Recorded data
────────────────────────────────────────

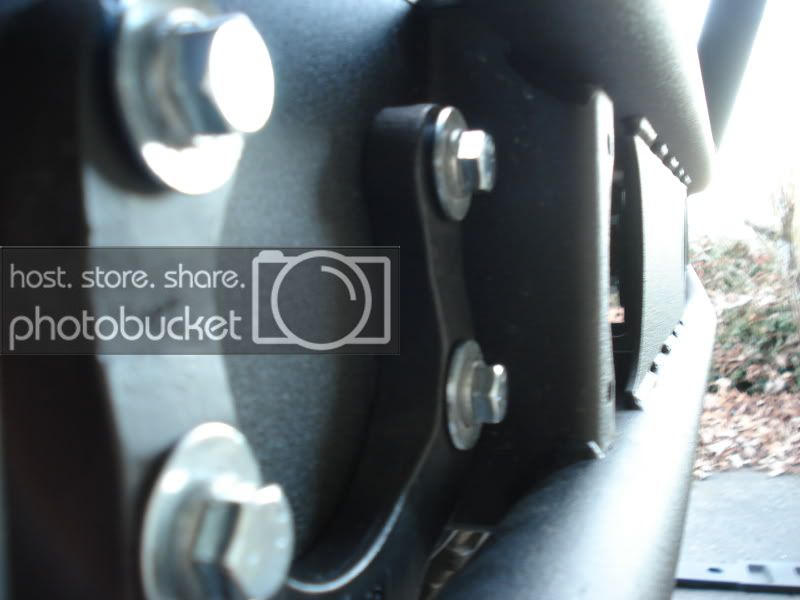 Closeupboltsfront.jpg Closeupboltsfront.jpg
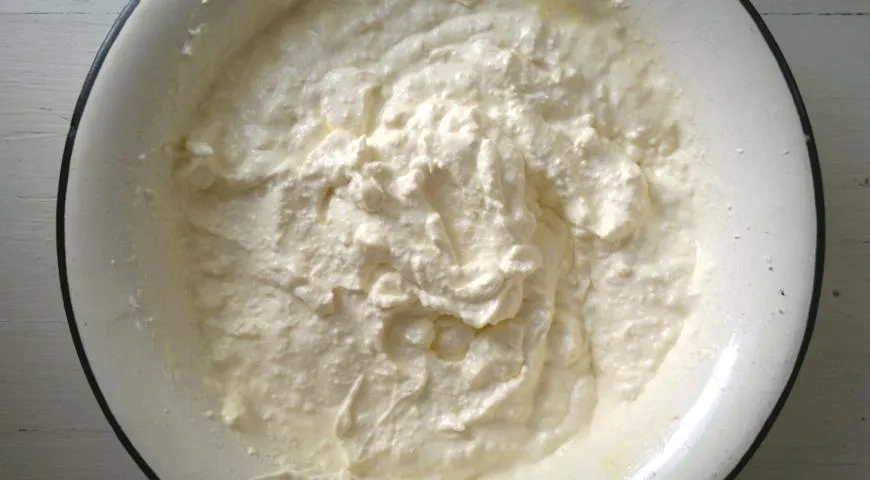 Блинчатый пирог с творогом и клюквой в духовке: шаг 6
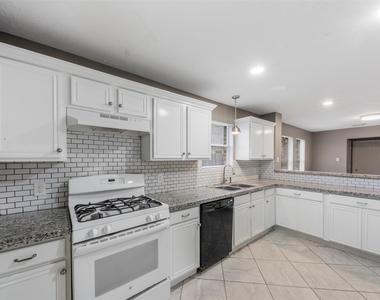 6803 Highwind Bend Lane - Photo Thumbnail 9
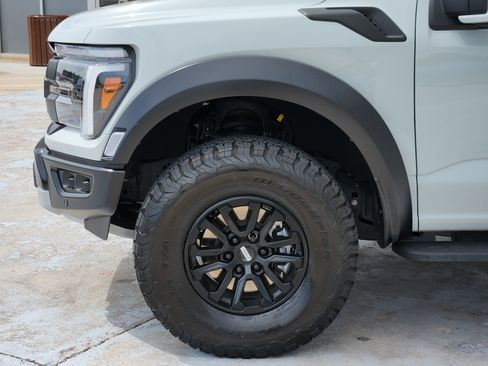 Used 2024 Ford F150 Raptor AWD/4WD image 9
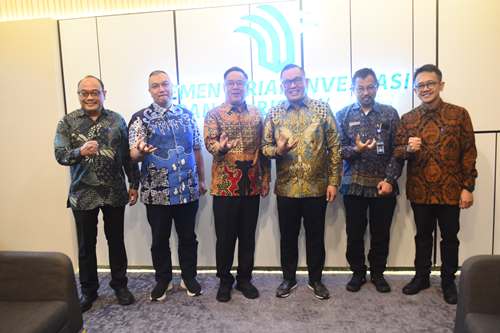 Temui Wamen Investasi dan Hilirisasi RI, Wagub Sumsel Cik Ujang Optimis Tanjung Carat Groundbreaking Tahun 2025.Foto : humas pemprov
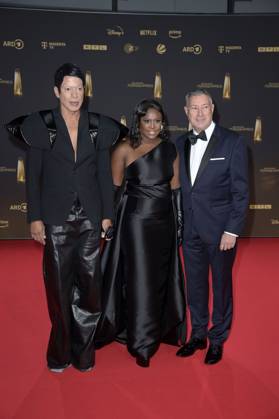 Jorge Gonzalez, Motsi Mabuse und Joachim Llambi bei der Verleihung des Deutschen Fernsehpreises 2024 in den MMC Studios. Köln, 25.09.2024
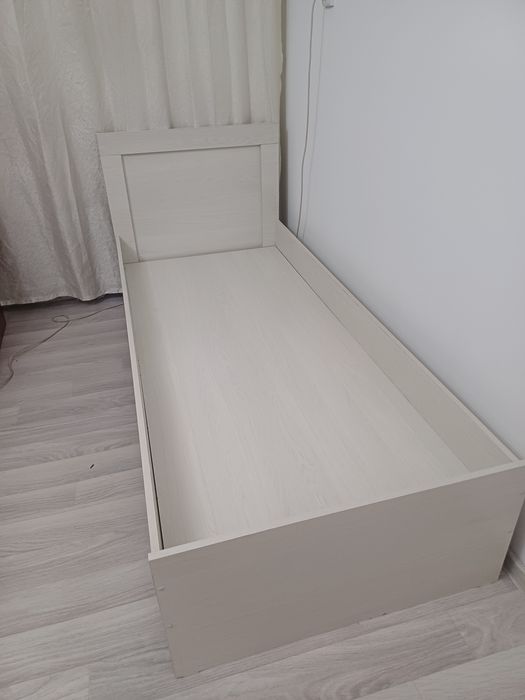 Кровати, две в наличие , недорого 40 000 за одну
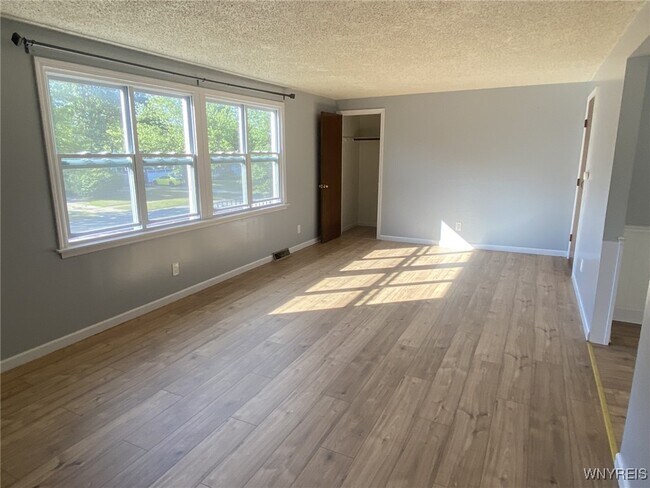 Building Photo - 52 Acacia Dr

────────────────────────────────────────

**TASK BRIEF:**
Leave the pictures out, then output exactly the lines from the "Кровати, две в" line through the end of the records above, and no others.

**OUTPUT FOR THIS EXERCISE:**
 Кровати, две в наличие , недорого 40 000 за одну
 Building Photo - 52 Acacia Dr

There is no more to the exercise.